Tenho que abandonar esse vício, essa mania de culpar os outros.

O maior responsável pela vida que levo, sou eu mesmo.

Ao assumir a minha responsabilidade, vou deixar que essa pessoa que sou eu, desabroche.

Quero alçar novos voos e realizar grandes projetos, mas não vou conseguir enquanto ficar preso aos eventos antigos, fracassos do passado, e a culpa que me ata a cada um deles.

A culpa é um sinal de prepotência, seja me culpando ou culpando os outros.

Não tenho que me sentir culpado.

Sei que não que me sentir culpado por tudo que acontece.

Quando olhamos para os nossos erros do passado, temos uma tendência natural, mas equivocada, de julgar a si mesmo com enquadre e a perspectiva atual.

Somos hoje, diferentes do que éramos no passado quando eventualmente falhamos ou não fomos capazes de dar o melhor encaminhamento aos problemas da época.

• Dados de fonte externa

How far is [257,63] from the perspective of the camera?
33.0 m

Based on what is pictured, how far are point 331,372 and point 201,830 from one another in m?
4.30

Escreveu Paulo Coelho para o G1 em 21 de maio de 2013:

Tenho que achar o culpado.

Quando coisas erradas acontecem, penso logo, tenho que achar o culpado. Muita coisa acontece contrariando as nossas expectativas e vontades.

Aí vem uma vontade de encontrar um culpado, uma necessidade de explicar os eventos segundo as lentes da culpa.

Primeiro varremos a lista de possíveis culpados, examinamos e experimentamos em cada um a máscara da culpa.

Depois, vestimos em nós mesmos a indumentária da culpa, e ficamos muito entretidos nos culpado de tudo.